C/H/N/S Elemental Analysis
At the start of the analytical cycle the helium carrier gas is switched to a volume of oxygen which is chosen by the operator depending on the size and composition of the sample. The samples are dropped sequentially into the combustion reactor prior to the arrival of oxygen. The sample and tin capsule react with oxygen and combust at temperatures of 1700-1800 °C and the sample is broken down into it’s elemental components, N2, CO2, H2O and SO2. High performance copper wires absorb the excess oxygen not used for sample combustion. The gases flow through the gas chromatographic (GC) separation column which is kept at a constant temperature (+/- 0.1 °C). As they pass through the GC column, the gases are separated and are detected sequentially by the TCD. The TCD generates a signal, which is proportional to the amount of element in the sample. The EAS software compares the elemental peak to a known standard material (after calibration) and generates a report for each element on a weight basis. For Continuous Flow Isotope ratio Mass Spectroscopy, the separated gases are carried to the mass spectrometer interface and into the MS source.
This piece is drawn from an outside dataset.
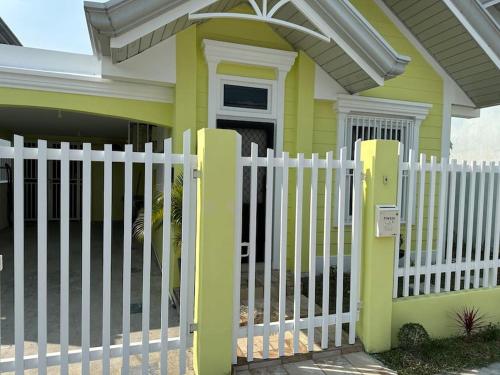 B&B Angeles City - 4 Bedroom Bungalow, Angeles City - Bed and Breakfast Angeles City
Helium carrier gas circulates through the analytical circuit, which consists of a pyrolysis reactor which is filled with a special nickelized carbon wool contact material heated to 1080°C, a trap for acidic gases formed by the pyrolysis, a GC column which will separate the gas mixture, and a TCD. Samples are dropped automatically into the pyrolysis reactor, break down and the released oxygen reacts with the nickel carbon wool to form CO (2C + O2 = 2 CO) and N2, if present in the sample. The mixture of N2 and CO gases flow through the gas chromatographic (GC) separation column which is kept at a constant temperature (+/- 0.1 °C). As they pass through the GC column, the gases are separated and the CO peak is detected by the TCD. The TCD generates a signal which is proportional to the amount of CO in the sample. The EAS software compares the CO peak to a known standard material (after calibration) and generates a report for oxygen concentration on a weight basis.